これに対して、大学の正規カリキュラムにある科目をすべて受講する学生は正科生と呼ばれています。大学なら4年以上、短大なら2年以上の在籍が必要となることが多いです。
科目等履修生はいわば、ゲスト学生的な立ち位置です。興味のある科目、必要のある科目だけサクッと受講したいという人向けの制度といえるでしょう。
なお、通信制大学によって科目等履修生の制度は若干異なっています。好きな科目を1科目から自由に選べるところもあれば、取得できる資格ごとに一定の科目がパッケージングされているところもあります。
好きな科目を1科目から選べる大学例:放送大学の科目履修生
取得できる資格ごとに科目がまとまっている例:佛教大学の科目履修コース
科目等履修生のメリット
まずは科目等履修生のメリットを紹介します。
修了した科目は単位認定される
科目等履修生として履修、修了した科目は単位認定されます。
科目等履修生として勉強を続けるうちに、「やっぱり正科生として学びたい」と考える人もいるでしょう。
正科生になった時には、科目等履修生として取得していた単位を認定してもらうことが可能です(ただし認定単位数上限が設定されている場合があります)。
「いきなり正科生として通信制大学に入ってもシステムについていけるか分からない」「在宅でもちゃんと勉強できるんだろうか」と不安を抱えている人はまず科目等履修生として入学してみるのも良いでしょう。
通信制大学の勉強の仕方に慣れてきたころに、正科生として再入学すれば科目等履修生の時に取った単位を無駄にせずに済みます。
学費が安い
科目等履修生の場合は、履修する科目数が少ないのですから、その分学費が安くなります。
例えば放送大学で全科履修生(正科生に当たる)として入学すれば、卒業までにかかる学費は約70万円です。
しかし科目等履修生(科目等履修生に当たる)として学ぶ場合は科目当たり11,000円+入学料の7,000円。1科目だけ学ぶならたった18,000円で済みます。

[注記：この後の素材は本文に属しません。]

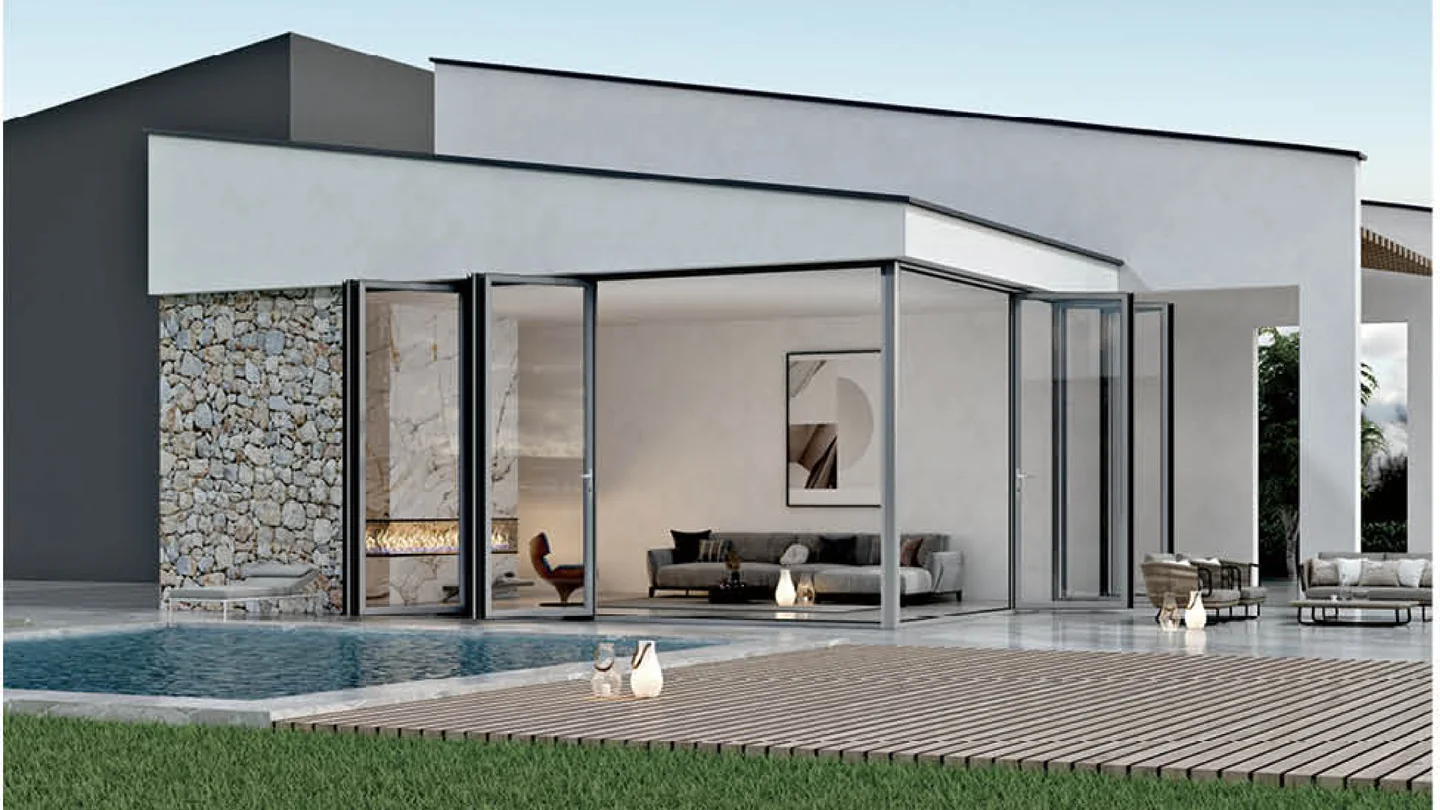 Dark-framed aluminium folding glass door bank across a villa facade onto a pool deck, design rendering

通信制大学で学びたい科目が限定的な場合は、科目等履修生として入学する方がお得です。
興味がある科目のみを学べる
科目等履修生なら、興味がある科目を履修しやすいです。
正科生の場合はいくつもの科目がコースとしてセットになっているパターンが多いため、中にはあまり興味を持てない分野もあるかもしれません。

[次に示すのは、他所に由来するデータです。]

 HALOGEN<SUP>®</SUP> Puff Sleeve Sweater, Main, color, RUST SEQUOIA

通信制大学で学び続けるには、本人のやる気が何より重要です。
科目等履修生としてなら、1科目から学べるとしている大学がいくつもあります。
仕事で必要な分野のみをピックアップしたり、「文学」と「IT」など異種分野の科目を自由に組み合わせて勉強したり、自由度が高いのが科目等履修生の魅力です。
興味のある科目だけ勉強すればよいのなら、途中でザセツしづらいのではないでしょうか。
効率よく資格が取得できる
科目等履修生は、効率よく資格取得ができるというメリットがあります。
例えば、保育士が特例制度(※)を使って幼稚園教諭の免許を取得する場合です。
※保育士としての勤務実績が一定年数あれば、少ない単位で幼稚園教諭の免許を取得できる制度
このケースでは取得すべき単位数が少ないため、条件を満たしている人は科目等履修生として入学するのが適しています。安く、短期間で資格取得ができるからです。
また、すでに教員免許を取得している人が一部の科目を追加で履修し、他の科目の教員免許や隣接校種(※)の教員免許取得を目指す場合にも使えます。
※中学校教諭免許保持者が小学校教諭免許取得を目指す場合など
資格取得に必要な単位はおおむねそろえているが、数科目分が不足している。そんな人が、科目等履修生として不足分の科目を履修するケースもあります。
資格取得のために科目等履修生として入学する人は多いです。大学側で資格取得向けの科目履修コースをあらかじめ設けている場合もあるので、チェックしてみてください。
科目等履修生のデメリット
次に、科目等履修生のデメリットを紹介します。
大卒資格は取得できない
科目等履修生は、正規課程で学ぶ学生区分ではありません。
科目等履修生として勉強しても、大卒資格(学士)を取得できるわけではないのです。
通信制大学に入る目的が大卒資格を取得することである場合は、科目等履修生を選ぶのは不適切です。
在籍できる期間が短い
科目等履修生が在籍できる期間は、正科生に比べて短いです。
例えば放送大学では全科履修生(大卒資格を目指す正科生)の在籍期間を最大10年としているのに対して、科目等履修生は半年間になっています。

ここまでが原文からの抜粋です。